Турий теленок смотрел на Забавку большими испуганными глазами. А из глаз матери вытекали громадные слезы. Забавка присела около ее детеныша, провела руками по одной ноге, соединив кости, по другой, а потом, положив обе руки между мягких рожек, замерла, да так и сидела, сначала до заката, а потом — до рассвета. С первыми лучами солнца туренок вскочил и, весело помахивая хвостом, пробежался вокруг мамаши.
Семилетняя дочь Радигаста возвращалась к замку, едва держась на ногах от слабости. Слишком много жизненных сил передала она за эту ночь.
Тут ее и подхватили посланники борейского князя, который приходился маленькой ведунье дедом.
Князь долгое время считал свою дочь сгинувшей в лесу. Потом до него дошли смутные разговоры об истинной причине пропажи его дочери. Сначала он поклялся изловить коварного чародея и принародно казнить его. Князь повсюду искал его следы, но чародея никто в последние годы не встречал. Потом он услышал столь же смутный слух о малолетней дочери чародея, которая якобы осталась в замке после смерти юной матери. Князь решил отыскать замок и, если слух подтвердится, забрать себе единственную живую память о дочери.
Никто не мог сказать точно, в каких краях чародей Радигаст прячет свой замок. Точнее, каждый, кто хоть что-нибудь слышал о его местонахождении, показывал в свою сторону. Дружинники князя долго рыскали по всей Борее, и отчаявшийся князь уже решил было прекратить поиски. Тогда-то один из отрядов и наткнулся на маленькую Забавку.

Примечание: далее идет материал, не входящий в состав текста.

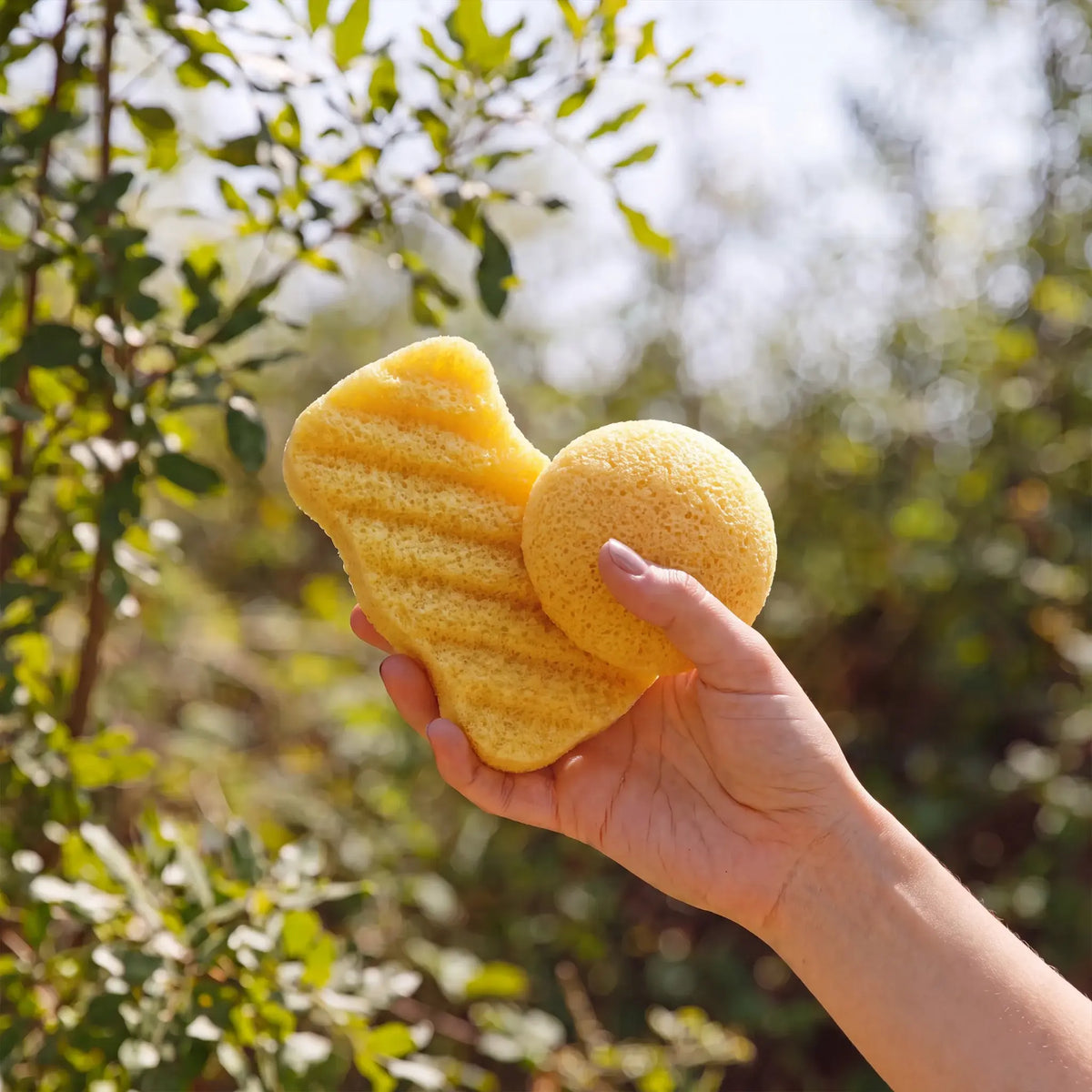 turmeric konjac body sponge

Воины действовали точно по инструкции: схватили девочку и, не причиняя ей вреда, доставили к князю. Княжеская ли это внучка, или чья-то потеряшка, они точно не знали. К нему уже доставили не один десяток подобранных на дорогах детей, но все они не походили на ту, которую он мечтал увидеть. Он не думал о том, как узнает ее, но был уверен, что стоит столкнуться с настоящей внучкой, как в нем заговорит кровь.
Старший дружинник подхватил вырывающуюся девочку и, больно сжав ее, уложил поперек лошади. Забавка кричала, продолжала вырываться и даже укусила его за руку, за что тот тяжело хлопнул ее по заду.
— Молчи, дура! — стал наставлять он пленницу. — Наш князь добрый. Признает тебя — в шелка оденет, ожерельями обмотает. А нет — тоже горе небольшое — при поварне оставит, станешь котлы мыть, всегда сыта будешь.
Такое будущее Забавку не прельщало, поэтому перед отрядом стали неожиданно валиться вековые деревья. Отряд пробовал обойти преграду, но, куда бы он ни повернул, деревья валились снова. А потом набежало дикое лесное зверье. С гневным ревом мчалась та самая туриха, ребенка которой Забавка спасала этой ночью. За нею ломились другие туры, бежали медведи. Волки, которые были всегдашними их врагами, на этот раз тоже выступили как союзники.
Мало того, стаи ворон, коршунов, прочих хищных птиц с громким клекотом носились над головами перепуганных дружинников и угрожающе пикировали, готовые заклевать насмерть.
— Ставь девку на землю! — взмолились воины. — Или не видишь? Заговоренная она! Только аккуратней, а то живыми не выйдем.
Старший послушно взял девочку под мышки, показал ее издали зверью, чем вызвал еще больший рык, рев и клекот, а потом аккуратно поставил на лесной мох. Девочка, не оглядываясь, пошла в сторону своего замка, зверье немедленно смолкло, расступаясь перед нею.
Точно так же оно расступилось перед отрядом дружинников, вытянувшимся нитью и проехавшим на дрожащих перепуганных лошадях по узкому коридору между звериными мордами.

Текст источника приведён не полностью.